7. Toen sprak de HEERE tot Mozes: Ga heen, klim af, want uw volk dat gij uit Egypteland opgevoerd hebt, heeft het verdorven.
8. En zij zijn haast afgeweken van den weg dien Ik hun geboden had, zij hebben zich een gegoten kalf gemaakt, en zij hebben zich voor hetzelve gebogen en hebben het offerande gedaan en gezegd: Dit zijn uw goden, Israël, die u uit Egypteland opgevoerd hebben.
9. Verder zeide de HEERE tot Mozes: Ik heb dit volk gezien, en zie, het is een hardnekkig volk.
10. En nu, laat Mij toe dat Mijn toorn tegen hen ontsteke en hen vertere; zo zal Ik u tot een groot volk maken.
11. Doch Mozes aanbad het aangezicht des HEEREN zijns Gods, en hij zeide: O HEERE, waarom zou Uw toorn ontsteken tegen Uw volk, hetwelk Gij met grote kracht en met een sterke hand uit Egypteland uitgevoerd hebt?
12. Waarom zouden de Egyptenaars spreken, zeggende: In kwaadheid heeft Hij hen uitgevoerd, opdat Hij hen doodde op de bergen en opdat Hij hen vernielde van den aardbodem?
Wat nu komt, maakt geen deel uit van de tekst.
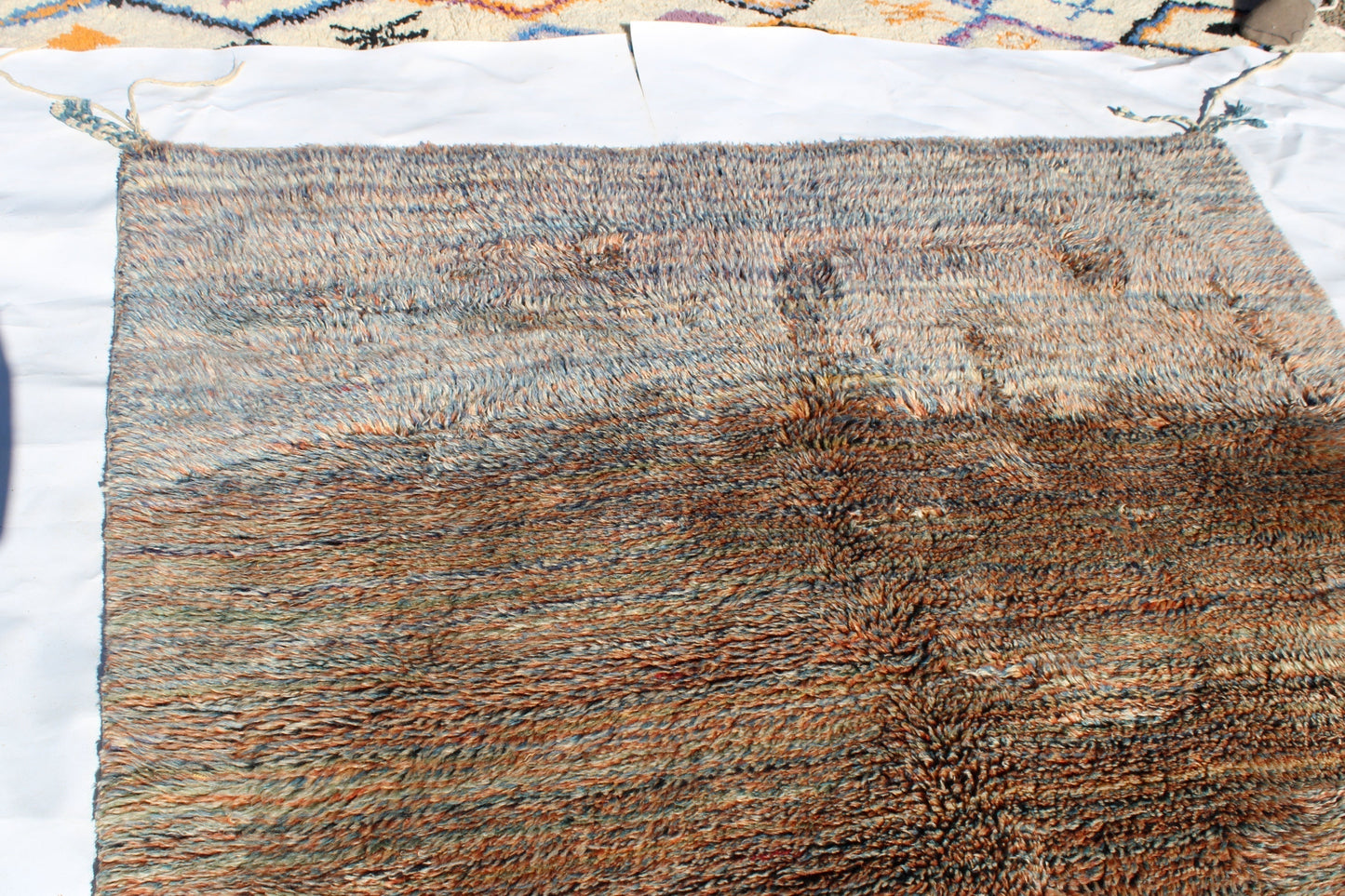 Beni Ourain rugs originate from the Atlas Mountains of Morocco and are characterized by their distinctive, neutral-toned, and geometric designs. These handwoven rugs often feature a plush pile and are made by the Berber tribes, size is 250x155 cm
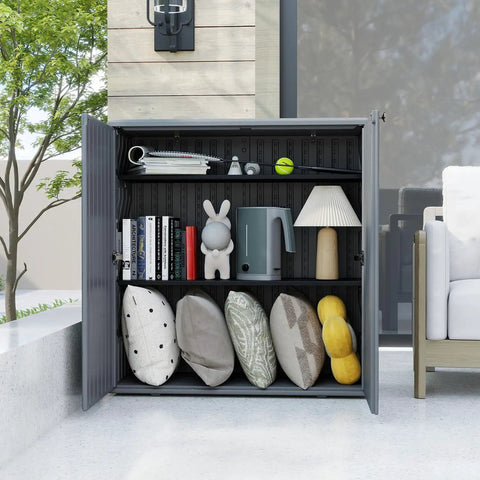 Beefy Outdoor Storage Cabinet With Doors And Shelf Grey Weatherproof HDPE Resin Box for patio or garden, shown open with items inside.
Keer af van de hittigheid Uws toorns en laat het U over het kwaad Uws volks berouwen.
13. Gedenk aan Abraham, aan Izak en aan Israël, Uw knechten, denwelken Gij bij Uzelven gezworen hebt, en hebt tot hen gesproken: Ik zal ulieder zaad vermenigvuldigen als de sterren des hemels; en dit gehele land, waarvan Ik gezegd heb, zal Ik ulieder zaad geven, dat zij het erfelijk bezitten in eeuwigheid.
14. Toen berouwde het den HEERE over het kwaad hetwelk Hij gesproken had Zijn volk te zullen doen.